**Activity**. Omitting all images, transcribe the listing word for word.

::: Data shown

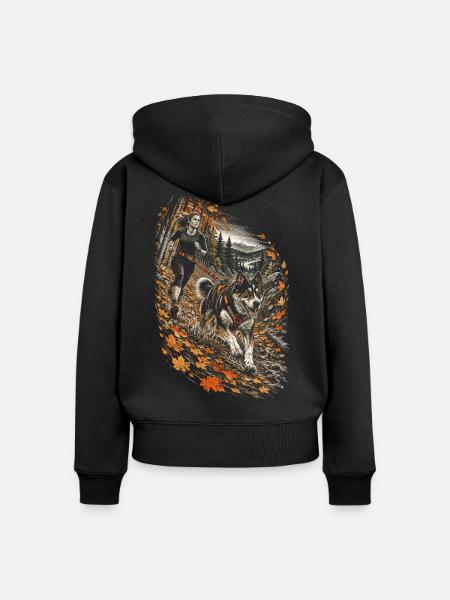 Canicross Hundesport Hundelauf - Frauen Premium Bio Zip Hoodie - Schwarz
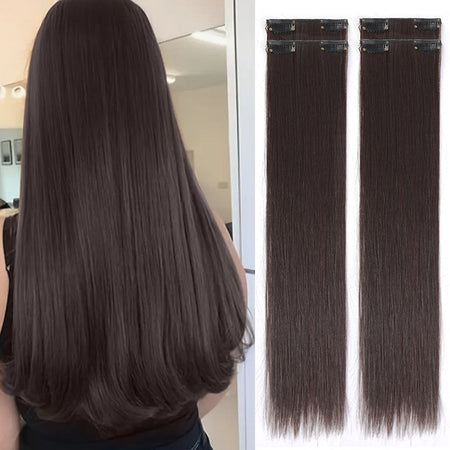LUPU Synthetic Fiber Hair Extensions, Easy to Wear, Heat-Resistant, 16/20/24 Inch, Set of 4 Pieces, Versatile for All Users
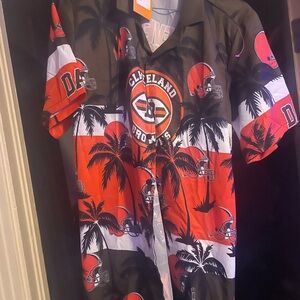 Black and Orange Button Down Shirt with Tropical Design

::::::

**Response**.
 Canicross Hundesport Hundelauf - Frauen Premium Bio Zip Hoodie - Schwarz
LUPU Synthetic Fiber Hair Extensions, Easy to Wear, Heat-Resistant, 16/20/24 Inch, Set of 4 Pieces, Versatile for All Users
 Black and Orange Button Down Shirt with Tropical Design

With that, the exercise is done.